Category Archives: Vance County

Demolish the gas chambers!

Iredell County gas chamber

Iredell County, NC, gas chamber. Photo by Flickr member NCCHE.

A “relatively painless” death can only occur in an environment where sensitivity, compassion and skill combine with efforts to minimize distress and anxiety. By contrast, gas systems take time to kill— during which animals experience distress and anxiety, and can struggle to survive. They can result in animals surviving the gassing, only to suffer even more. And they take longer to kill if animals are young, old, or have respiratory infections, which is common in some shelters. They are designed for the ease of shelter workers, not care and compassion for the animals.–A Call To Ban The Gas Chamber

The good news: Several NC counties, including Person, Johnston and Sampson, have recently announced plans to discontinue or restrict the use  of gas chambers and/or remove them completely. Other NC counties that recently joined the march toward civilized treatment of shelter pets include Brunswick County, where the CO chamber was last used in November 2011, according to inspection reports, and Craven-Pamlico, which ended the use of its chamber on Feb.1, 2012.

But bad news remains: There are still far too many North Carolina counties killing shelter pets in the barbaric contraptions.
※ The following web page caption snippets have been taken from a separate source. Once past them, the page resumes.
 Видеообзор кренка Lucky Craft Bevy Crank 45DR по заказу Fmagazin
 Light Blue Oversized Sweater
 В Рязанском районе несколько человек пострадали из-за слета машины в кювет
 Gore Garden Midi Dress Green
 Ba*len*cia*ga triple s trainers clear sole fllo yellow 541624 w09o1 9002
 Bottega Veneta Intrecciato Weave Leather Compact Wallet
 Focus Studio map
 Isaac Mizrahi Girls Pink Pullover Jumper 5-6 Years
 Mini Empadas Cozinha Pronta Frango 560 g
Fourteen counties still use gas chambers as their primary means of killing shelter pets. Several others have switched primarily to lethal injection but retain the CO chambers for use with wildlife and “dangerous” animals. (Often, feral cats are considered to be in the “dangerous” category, which means the gas chamber still gets used quite a lot in those places.)

The gas chamber has been banned in Arizona, Arkansas, California, Delaware, Florida, Georgia, Illinois, New Jersey, New York, Louisiana, Maine, Maryland, Oregon, Pennsylvania, Rhode Island, Tennessee, Virginia, Washington, West Virginia and Wyoming.

As long as the inhumane contraptions, throwbacks to our less-civilized past, remain in use in North Carolina, we will never be able to move forward to a humane future in which shelters will be places where animals’ lives are protected. The gas chambers in NC must be demolished. Even in counties where gas chamber use has ended, having a working chamber onsite means that it can be put back into full-time use again at any time, as it was in Sampson County.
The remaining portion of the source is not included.